Andrew Ashley Green was born on 25 December 1946 in Perth, Western Australia. His father Ernest Joseph Green was an ENT Surgeon in Perth and his mother a nurse from Victoria. His primary and secondary schooling (1956-63) was at Scotch College, Perth. He obtained his BSc with First Class Honours in Chemistry in 1976 and his PhD in Physical Chemistry in 1970, both from the University of Western Australia.

His PhD training as a spectroscopist at the University of WA proved an ideal grounding for his subsequent involvement in a new, space-based form of spectroscopy: potential mineral deposits can be identified in LANDSAT images through their distinctive spectral signatures at infra-red and visible wavelengths.


His career with CSIRO started in 1970 with the award of a CSIRO Postdoctoral Fellowship to work on infrared spectroscopy at Stanford University. While in the USA, he was recruited by Ken McCracken, Chief of the new CSIRO Division of Mineral Physics, who saw the potential for multispectral satellite data to contribute to mineral exploration in Australia.

In 1987, he was appointed Assistant Chief, CSIRO Division of Mineral Physics and Mineralogy and Deputy CSIRO Chief of Division of Exploration Geoscience in 1990. In 1992, he was appointed Director of the Cooperative Research Centre for Australian Mineral Exploration Technologies, a position he held until his retirement from CSIRO in December 2001.

Research activities

When he joined the CSIRO Division of Mineral Physics in 1972, he began developing computer software to analyse digital images from NASA’s first remote-sensing satellite, ERTS-l (later to be renamed LANDSAT-l). Because LANDSAT’s visible light and infra-red sensors were designed to optimise images of the green, forested landscapes of the northern hemisphere, they produced poor quality images of Australia’s brown, sparsely vegetated landscapes. Dr Green devised one of the world’s first image processing facilities to recover information hidden by background ‘noise’, revealing previously hidden detail. In the late 1970s on the basis of these research results, Dr Green then defined the specifications for, and helped establish, Australia’s reception facility for the LANDSAT multi-spectral scanner (MSS). With these new noise removal and contrast enhancement procedures they were able to produce high-quality, digitally enhanced photographic products, optimised for the display of geological information. As he recalled:

The availability of these enhanced images made people realise the potential benefits of LANDSAT data.

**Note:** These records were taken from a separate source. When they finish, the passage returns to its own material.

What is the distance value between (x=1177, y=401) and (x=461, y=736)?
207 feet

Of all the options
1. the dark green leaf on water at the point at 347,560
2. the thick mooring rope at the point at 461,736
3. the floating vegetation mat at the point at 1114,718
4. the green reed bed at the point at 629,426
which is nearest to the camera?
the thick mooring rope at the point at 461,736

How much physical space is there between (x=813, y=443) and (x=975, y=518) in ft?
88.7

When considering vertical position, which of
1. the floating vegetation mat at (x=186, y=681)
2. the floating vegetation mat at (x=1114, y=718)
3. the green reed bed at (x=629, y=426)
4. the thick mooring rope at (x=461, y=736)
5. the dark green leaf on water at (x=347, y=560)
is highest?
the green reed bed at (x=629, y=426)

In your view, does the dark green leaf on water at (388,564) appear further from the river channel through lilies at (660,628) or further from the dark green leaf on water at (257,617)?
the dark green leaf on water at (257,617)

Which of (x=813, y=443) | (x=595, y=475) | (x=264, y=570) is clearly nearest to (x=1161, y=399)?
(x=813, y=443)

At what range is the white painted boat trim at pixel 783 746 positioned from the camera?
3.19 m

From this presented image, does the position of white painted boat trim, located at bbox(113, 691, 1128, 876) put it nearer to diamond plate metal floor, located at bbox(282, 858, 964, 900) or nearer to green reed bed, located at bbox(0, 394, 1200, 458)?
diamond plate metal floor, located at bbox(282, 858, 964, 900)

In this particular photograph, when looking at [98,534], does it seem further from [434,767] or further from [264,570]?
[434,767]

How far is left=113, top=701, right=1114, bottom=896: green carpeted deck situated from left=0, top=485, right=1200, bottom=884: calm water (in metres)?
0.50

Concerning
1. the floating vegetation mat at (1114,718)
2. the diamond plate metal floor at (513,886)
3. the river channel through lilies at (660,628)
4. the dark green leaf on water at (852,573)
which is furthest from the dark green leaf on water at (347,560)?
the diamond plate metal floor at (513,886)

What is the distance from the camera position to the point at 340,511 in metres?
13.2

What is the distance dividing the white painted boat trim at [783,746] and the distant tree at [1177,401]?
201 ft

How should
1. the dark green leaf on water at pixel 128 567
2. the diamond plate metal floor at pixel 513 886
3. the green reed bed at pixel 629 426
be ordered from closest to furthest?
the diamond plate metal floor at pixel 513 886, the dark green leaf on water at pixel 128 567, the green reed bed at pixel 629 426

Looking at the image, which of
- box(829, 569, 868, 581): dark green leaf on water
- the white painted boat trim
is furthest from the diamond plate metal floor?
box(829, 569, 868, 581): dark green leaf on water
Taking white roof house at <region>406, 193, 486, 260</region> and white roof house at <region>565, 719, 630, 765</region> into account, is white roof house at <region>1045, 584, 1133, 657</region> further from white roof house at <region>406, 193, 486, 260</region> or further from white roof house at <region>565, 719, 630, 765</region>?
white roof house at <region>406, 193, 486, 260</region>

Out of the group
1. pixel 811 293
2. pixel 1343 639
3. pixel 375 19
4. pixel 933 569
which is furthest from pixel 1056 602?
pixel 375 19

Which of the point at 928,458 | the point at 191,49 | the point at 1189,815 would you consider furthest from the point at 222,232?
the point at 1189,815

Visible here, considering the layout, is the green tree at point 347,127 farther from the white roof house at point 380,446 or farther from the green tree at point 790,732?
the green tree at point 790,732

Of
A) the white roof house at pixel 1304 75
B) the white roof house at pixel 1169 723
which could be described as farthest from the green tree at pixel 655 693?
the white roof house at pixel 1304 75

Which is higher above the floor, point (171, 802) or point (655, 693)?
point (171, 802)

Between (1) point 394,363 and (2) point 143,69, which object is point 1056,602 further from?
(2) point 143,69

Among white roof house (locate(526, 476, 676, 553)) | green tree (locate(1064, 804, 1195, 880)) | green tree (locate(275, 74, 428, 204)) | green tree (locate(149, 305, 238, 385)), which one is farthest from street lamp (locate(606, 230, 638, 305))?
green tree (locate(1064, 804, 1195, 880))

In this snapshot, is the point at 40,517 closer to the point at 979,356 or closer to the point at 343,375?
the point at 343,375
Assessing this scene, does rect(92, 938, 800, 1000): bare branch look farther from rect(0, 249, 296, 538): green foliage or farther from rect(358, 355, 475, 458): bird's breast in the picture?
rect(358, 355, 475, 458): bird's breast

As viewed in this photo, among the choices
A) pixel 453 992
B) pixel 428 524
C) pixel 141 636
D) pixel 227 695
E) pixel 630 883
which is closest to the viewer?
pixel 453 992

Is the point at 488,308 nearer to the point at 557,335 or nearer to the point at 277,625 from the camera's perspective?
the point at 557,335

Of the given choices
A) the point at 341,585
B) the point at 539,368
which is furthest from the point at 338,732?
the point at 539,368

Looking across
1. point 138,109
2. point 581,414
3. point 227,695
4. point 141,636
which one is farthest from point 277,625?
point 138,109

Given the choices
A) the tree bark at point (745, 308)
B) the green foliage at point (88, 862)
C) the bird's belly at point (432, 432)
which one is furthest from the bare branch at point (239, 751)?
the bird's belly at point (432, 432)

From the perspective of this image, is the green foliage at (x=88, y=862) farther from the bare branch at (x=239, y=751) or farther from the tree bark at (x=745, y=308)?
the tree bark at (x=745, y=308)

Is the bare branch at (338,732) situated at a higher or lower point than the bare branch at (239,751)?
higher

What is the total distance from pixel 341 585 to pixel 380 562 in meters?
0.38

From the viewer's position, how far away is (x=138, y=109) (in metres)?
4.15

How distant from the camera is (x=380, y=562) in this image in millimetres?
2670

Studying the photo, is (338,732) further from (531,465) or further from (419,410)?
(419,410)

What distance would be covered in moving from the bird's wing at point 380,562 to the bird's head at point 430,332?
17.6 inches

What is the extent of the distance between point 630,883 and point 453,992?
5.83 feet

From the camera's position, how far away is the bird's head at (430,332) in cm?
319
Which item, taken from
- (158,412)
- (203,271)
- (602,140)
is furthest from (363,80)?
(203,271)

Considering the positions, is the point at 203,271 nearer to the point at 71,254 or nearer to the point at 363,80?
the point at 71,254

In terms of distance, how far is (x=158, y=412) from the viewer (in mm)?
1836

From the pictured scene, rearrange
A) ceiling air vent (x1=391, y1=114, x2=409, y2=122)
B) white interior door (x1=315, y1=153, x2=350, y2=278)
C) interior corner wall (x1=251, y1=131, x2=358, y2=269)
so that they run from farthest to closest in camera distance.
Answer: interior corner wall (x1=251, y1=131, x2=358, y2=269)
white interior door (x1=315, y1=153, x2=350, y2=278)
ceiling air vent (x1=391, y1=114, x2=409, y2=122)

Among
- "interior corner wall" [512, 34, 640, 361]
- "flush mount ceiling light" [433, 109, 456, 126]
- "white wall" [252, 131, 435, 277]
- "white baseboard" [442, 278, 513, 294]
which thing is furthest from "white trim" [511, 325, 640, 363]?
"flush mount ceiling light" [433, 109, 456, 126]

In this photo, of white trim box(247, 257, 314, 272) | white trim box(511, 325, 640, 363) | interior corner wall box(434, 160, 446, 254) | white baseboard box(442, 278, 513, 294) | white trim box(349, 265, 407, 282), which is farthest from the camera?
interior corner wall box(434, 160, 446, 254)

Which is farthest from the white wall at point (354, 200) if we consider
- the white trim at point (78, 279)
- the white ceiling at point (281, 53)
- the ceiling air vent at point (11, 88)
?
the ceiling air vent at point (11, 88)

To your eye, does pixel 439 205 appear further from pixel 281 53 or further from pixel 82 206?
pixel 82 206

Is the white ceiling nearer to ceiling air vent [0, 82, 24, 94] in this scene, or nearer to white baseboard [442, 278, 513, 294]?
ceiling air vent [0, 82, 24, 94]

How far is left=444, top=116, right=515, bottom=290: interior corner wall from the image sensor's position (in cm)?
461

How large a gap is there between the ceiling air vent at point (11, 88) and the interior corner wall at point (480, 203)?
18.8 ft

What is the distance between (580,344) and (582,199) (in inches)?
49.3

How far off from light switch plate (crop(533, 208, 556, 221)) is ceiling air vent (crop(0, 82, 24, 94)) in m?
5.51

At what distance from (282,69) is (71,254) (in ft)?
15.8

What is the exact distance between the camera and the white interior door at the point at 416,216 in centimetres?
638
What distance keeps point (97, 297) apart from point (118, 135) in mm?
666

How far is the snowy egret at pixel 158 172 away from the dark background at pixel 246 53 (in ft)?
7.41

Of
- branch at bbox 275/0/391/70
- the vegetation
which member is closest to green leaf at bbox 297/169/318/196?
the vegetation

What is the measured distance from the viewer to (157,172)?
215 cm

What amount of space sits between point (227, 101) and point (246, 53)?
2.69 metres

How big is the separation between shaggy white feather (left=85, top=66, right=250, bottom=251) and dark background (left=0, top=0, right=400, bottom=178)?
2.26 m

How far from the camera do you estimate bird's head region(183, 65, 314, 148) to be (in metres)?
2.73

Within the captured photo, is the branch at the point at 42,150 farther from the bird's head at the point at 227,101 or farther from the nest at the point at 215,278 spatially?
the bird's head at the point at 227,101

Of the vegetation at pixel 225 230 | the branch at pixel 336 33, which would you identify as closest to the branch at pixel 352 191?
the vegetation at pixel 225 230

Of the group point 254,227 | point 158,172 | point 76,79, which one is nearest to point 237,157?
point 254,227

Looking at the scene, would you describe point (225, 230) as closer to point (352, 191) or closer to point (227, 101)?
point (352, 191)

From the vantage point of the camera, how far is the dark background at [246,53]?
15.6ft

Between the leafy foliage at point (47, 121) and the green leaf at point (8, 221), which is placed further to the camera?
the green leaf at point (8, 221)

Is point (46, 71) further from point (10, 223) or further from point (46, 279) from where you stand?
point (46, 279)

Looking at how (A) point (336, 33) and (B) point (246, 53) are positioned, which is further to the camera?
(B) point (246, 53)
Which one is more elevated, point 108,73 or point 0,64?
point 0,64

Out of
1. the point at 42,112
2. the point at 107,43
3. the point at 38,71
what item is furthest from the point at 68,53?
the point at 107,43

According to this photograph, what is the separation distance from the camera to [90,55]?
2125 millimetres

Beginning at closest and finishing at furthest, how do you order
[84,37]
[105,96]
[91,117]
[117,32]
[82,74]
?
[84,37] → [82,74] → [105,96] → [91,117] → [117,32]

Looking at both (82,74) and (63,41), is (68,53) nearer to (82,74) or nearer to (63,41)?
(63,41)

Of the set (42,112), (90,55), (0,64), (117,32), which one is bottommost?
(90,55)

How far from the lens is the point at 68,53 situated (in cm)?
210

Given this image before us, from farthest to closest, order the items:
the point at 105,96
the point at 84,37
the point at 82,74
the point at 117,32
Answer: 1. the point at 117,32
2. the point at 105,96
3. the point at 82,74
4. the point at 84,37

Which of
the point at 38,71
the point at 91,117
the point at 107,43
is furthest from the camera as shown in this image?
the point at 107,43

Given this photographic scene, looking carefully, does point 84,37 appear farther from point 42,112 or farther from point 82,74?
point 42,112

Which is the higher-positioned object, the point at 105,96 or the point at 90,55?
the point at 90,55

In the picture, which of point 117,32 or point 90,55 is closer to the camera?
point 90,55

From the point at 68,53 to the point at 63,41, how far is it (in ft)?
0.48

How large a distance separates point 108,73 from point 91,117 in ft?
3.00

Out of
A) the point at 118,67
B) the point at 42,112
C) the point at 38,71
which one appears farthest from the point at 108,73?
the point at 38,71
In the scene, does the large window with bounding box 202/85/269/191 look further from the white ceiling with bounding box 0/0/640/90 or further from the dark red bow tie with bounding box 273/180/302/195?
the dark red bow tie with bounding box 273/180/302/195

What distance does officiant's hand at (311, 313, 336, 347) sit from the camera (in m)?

These images were marketed to industry in the late 1970s, in one of CSIRO’s early commercialisation ventures. The same concepts were then used to define the specifications for the Australian LANDSAT receiving station, which allowed Australian users much faster access to satellite data.

In 1984, Andy led a CSIRO team, which, through innovative signal processing, developed a simple, low-cost upgrade to the LANDSAT station at Alice Springs so that exploration companies, agricultural and environmental users could obtain digital images of the next generation of LANDSAT data. The internationally acclaimed image processing concepts developed for satellite data by Andy are now standard procedures used by exploration companies around the world and have been incorporated into many commercial packages.

There have been major spin-offs into other areas of mineral exploration, with most geophysical data now being presented in image format. This is truly a case where a picture is worth a thousand words. In addition, Andy’s work in noise removal and data levelling significantly improved the quality of airborne exploration data.

As Andy commented at the time he shared the Australia Prize with Ken McCracken and Jonathan Huntington for their work on remote sensing:

Other projects flowed from our success, which produced large amounts of quality data

Dr Green said that once potential users – including the minerals industry, agriculture and environment protection agencies – began to use LANDSAT images, it generated a strong demand for Australia to install its own receiving station to obtain data from NASA’s new LANDSAT thematic mapper.

The work is still fascinating because of the constant challenge to detect the very weakly expressed characteristics of mineralisation which tend to be swamped by other, more dominant features in a satellite image.

I think of it as a signal-to-noise problem: the geological targets of interest are very hard to recognise against a background of paddock boundaries, fire scars, topographic features and other natural and man-made variability. Our success has been based on our ability to find new ways to express and enhance subtle geological features present in satellite data.

In 1991, Andy was selected by the Australian mineral exploration industry to establish and lead the Cooperative Research Centre for Australian Mineral Exploration Technologies (CRC AMET). As Director until 1996 and then as a project leader, he played a pivotal role in the development and delivery of the TEMPEST airborne electromagnetic system. TEMPEST is not only being used widely, and with success, by the exploration industry but is also being deployed to map salinity as part of the Federal Government’s National Action Plan for Salinity.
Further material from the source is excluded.